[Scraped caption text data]
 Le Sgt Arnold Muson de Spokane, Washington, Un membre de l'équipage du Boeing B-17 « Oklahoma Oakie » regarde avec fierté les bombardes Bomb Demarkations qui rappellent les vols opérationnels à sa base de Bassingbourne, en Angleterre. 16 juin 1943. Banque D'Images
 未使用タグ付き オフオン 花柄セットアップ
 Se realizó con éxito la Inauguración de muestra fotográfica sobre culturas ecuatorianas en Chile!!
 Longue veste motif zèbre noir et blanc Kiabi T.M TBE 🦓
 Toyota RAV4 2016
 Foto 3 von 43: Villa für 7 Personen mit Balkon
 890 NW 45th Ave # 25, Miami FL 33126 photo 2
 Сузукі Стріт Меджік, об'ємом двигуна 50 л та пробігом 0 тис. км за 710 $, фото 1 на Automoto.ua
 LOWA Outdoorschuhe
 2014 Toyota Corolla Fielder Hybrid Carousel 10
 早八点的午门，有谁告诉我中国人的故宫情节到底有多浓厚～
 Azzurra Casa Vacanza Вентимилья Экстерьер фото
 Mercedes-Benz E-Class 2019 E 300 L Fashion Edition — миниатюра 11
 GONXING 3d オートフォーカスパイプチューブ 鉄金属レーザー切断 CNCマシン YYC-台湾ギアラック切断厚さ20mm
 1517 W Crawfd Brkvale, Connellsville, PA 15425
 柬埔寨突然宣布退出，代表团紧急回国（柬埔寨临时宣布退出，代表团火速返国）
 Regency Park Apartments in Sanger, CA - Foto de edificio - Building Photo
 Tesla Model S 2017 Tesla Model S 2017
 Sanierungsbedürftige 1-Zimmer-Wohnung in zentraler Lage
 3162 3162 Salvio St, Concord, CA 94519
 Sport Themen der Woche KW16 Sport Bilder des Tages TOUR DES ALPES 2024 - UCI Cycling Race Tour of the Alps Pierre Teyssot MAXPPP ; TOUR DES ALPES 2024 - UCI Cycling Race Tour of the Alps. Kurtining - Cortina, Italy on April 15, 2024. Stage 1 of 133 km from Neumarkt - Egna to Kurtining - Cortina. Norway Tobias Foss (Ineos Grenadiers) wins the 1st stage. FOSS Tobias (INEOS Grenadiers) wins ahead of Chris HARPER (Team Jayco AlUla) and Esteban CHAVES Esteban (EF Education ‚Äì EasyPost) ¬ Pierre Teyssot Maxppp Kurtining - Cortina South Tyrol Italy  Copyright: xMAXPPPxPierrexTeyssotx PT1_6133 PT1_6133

▶ **ACTION ITEM**
Which lines of the records above contain the word "фото"? Copy each of them.

▶ **RESULT OF THE TASK**
 Сузукі Стріт Меджік, об'ємом двигуна 50 л та пробігом 0 тис. км за 710 $, фото 1 на Automoto.ua
 Azzurra Casa Vacanza Вентимилья Экстерьер фото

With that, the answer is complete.